The first part of the administrative court’s judgment contained only a recapitulation of the factual and legal background of the case and did not reflect an opinion or contain a statement to the effect that the first applicant was guilty of a criminal offence, namely membership of an illegal organisation. The second part of the judgment, which reiterated the principle that exoneration from criminal liability did not preclude the finding of a disciplinary offence, was likewise not problematic from the angle of Article 6 § 2. It remained for the Court to determine whether the last sentence where the administrative court had found the first applicant’s disciplinary liability to be established on the basis of the alleged facts, namely that the first applicant had given the organisation his profile and that he had attended its lessons and meetings, could be said to impute criminal guilt to the first applicant. The Court considered that the language used in the statement could not be equated to a finding of criminal liability for the offences with which the first applicant had been charged in the criminal proceedings. The meaning that flowed from the impugned statement was not that the first applicant had been a member of the terrorist organisation – which had been the charge in the criminal proceedings – but merely that he had handed his CV to the organisation and attended its lessons and meetings, which had been found sufficient by the administrative court to entail his disciplinary liability.
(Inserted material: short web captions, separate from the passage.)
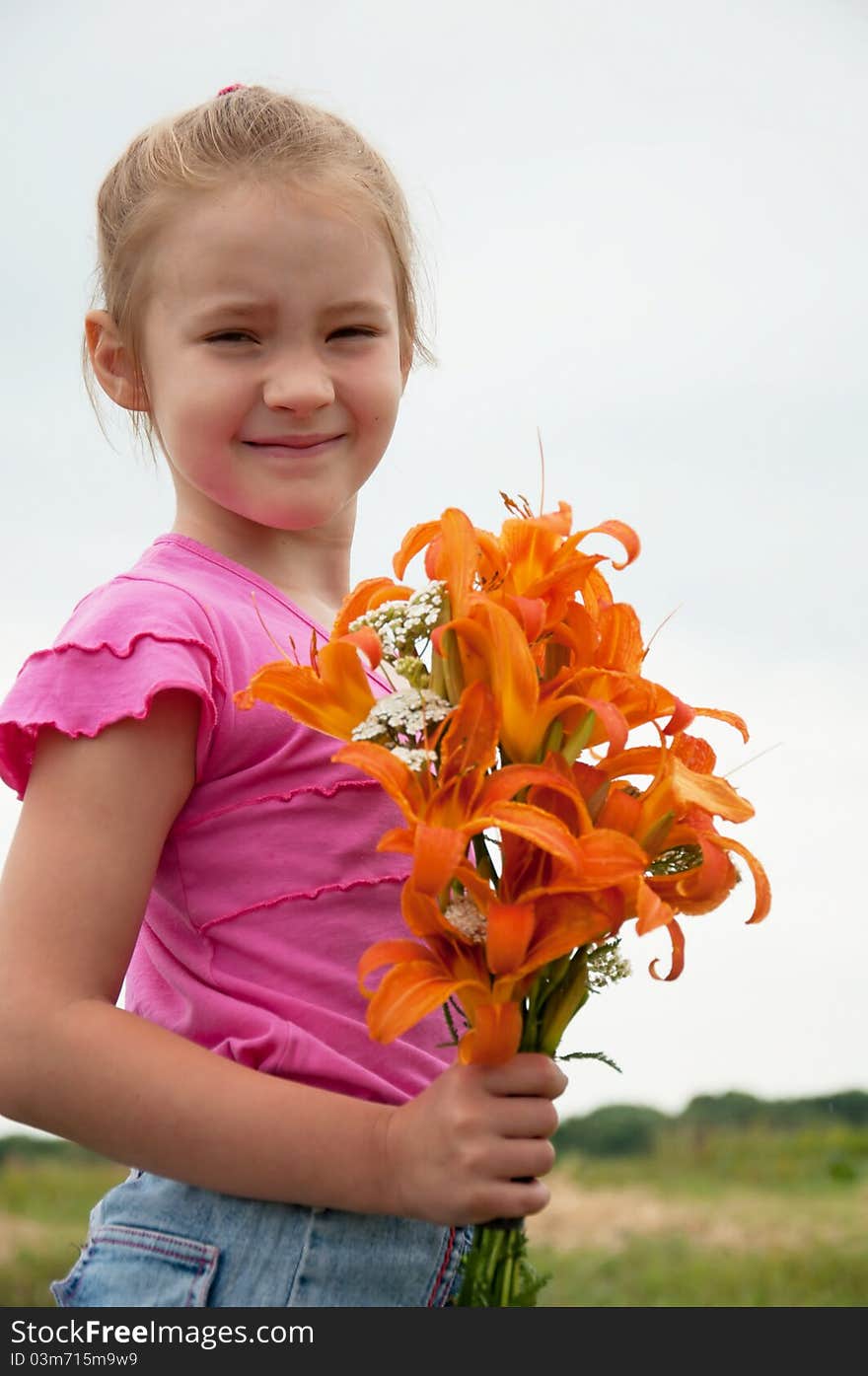 Girl with a bouquet of orange lilies. Girl with a bouquet of orange lilies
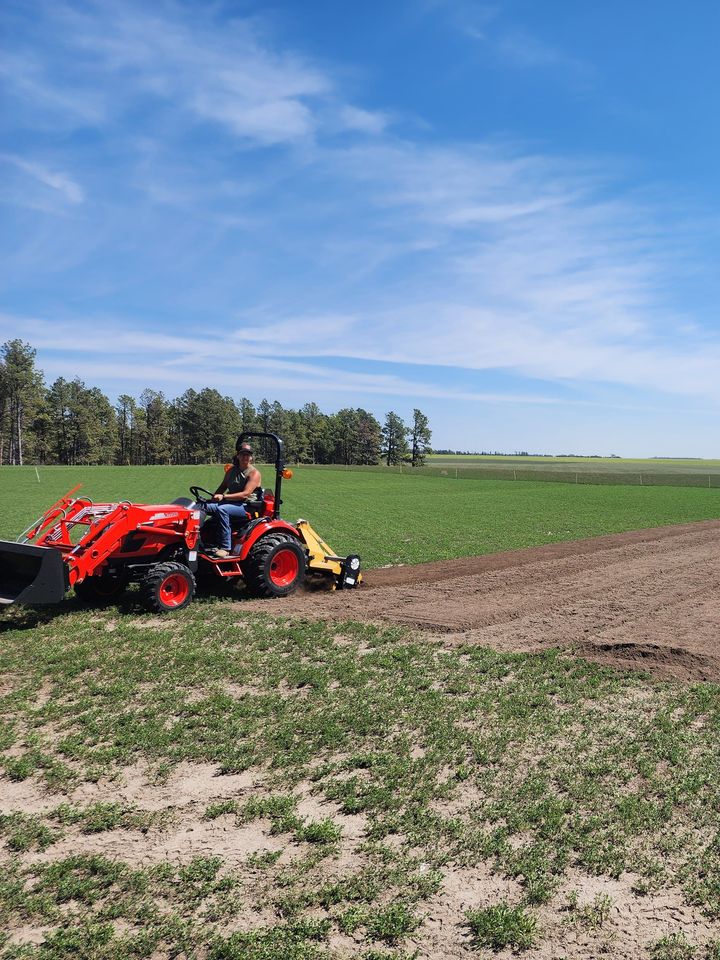 An orange tractor with a tiller working the field, half still green and half freshly tilled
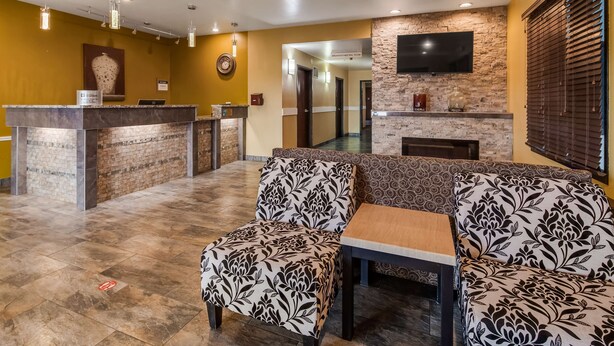 A reception area with a marble counter, patterned sofas, and a fireplace. - Best Western Rama Inn (Ephrata)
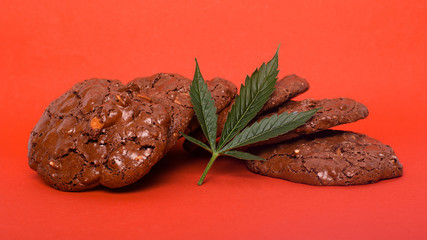 Obraz premium sweets with marijuana on red background. cannabis cookies and green leaf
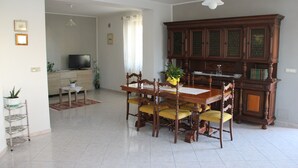 A dining area with a wooden table and chairs, a television, and a cabinet. - Apartment in the heart of Val di Sangro, between Costa dei Trabocchi and Majella. (Piazzano-piana La Fara)
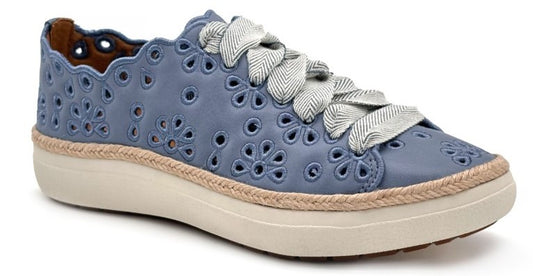 Blue leather sneaker with daisy cutouts, decorative scalloped trim, wide herringbone ribbon laces, and a jute wrapped sole.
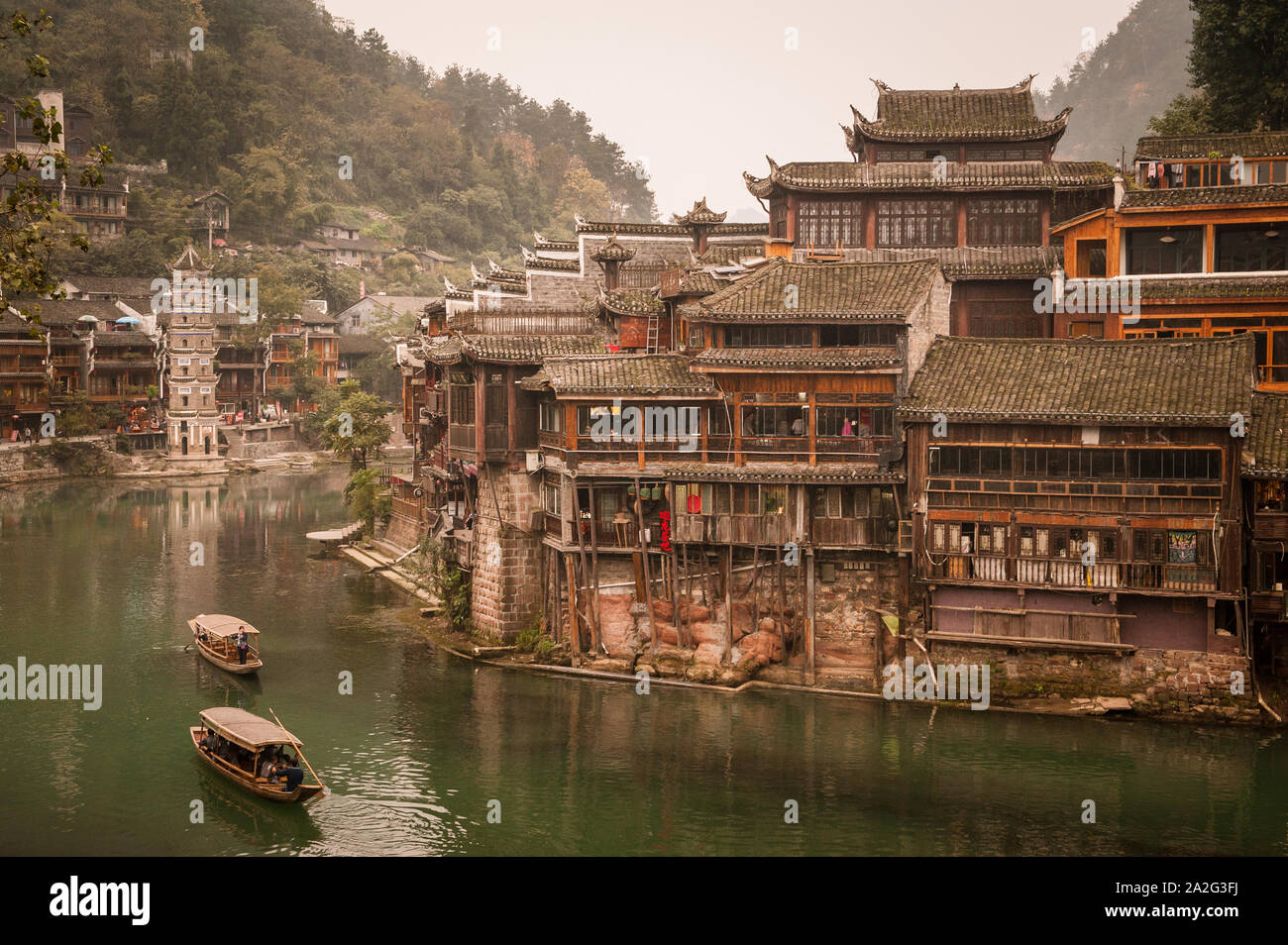 Hunan, China, 14. November 2011: Boote aus Holz nach unten segeln Fluss in Phoenix, alten Stadt. Alle drehen sie in Phoenix Ancient Town ist eine malerische mome Stockfoto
For that reason, the language used by the administrative court in finding against the first applicant in the disciplinary proceedings at issue had not offended the presumption of innocence.

Conclusion: no violation in respect of the first applicant (unanimously).

(ii) As regards the second applicant – In its reasoning, the domestic court had stated that certain elements in the criminal case file had demonstrated that the second applicant had been a member of the Hizbullah terrorist organisation. In the Court’s view, that statement alone amounted to an unequivocal declaration of the second applicant’s criminal liability and ran counter to his right not to have his innocence called into question with respect to criminal proceedings which had been discontinued.

Conclusion: violation in respect of the second applicant (unanimously).

The Court further held, by six votes to one, that there had been no violation of Article 6 § 1 as the domestic court’s reasoning in the first applicant’s case had not reached the threshold of arbitrariness or manifest unreasonableness, or amounted to a denial of justice.

Art. 41: EUR 6,000 to the second applicant in respect of non-pecuniary damage; claim in respect of pecuniary damage dismissed.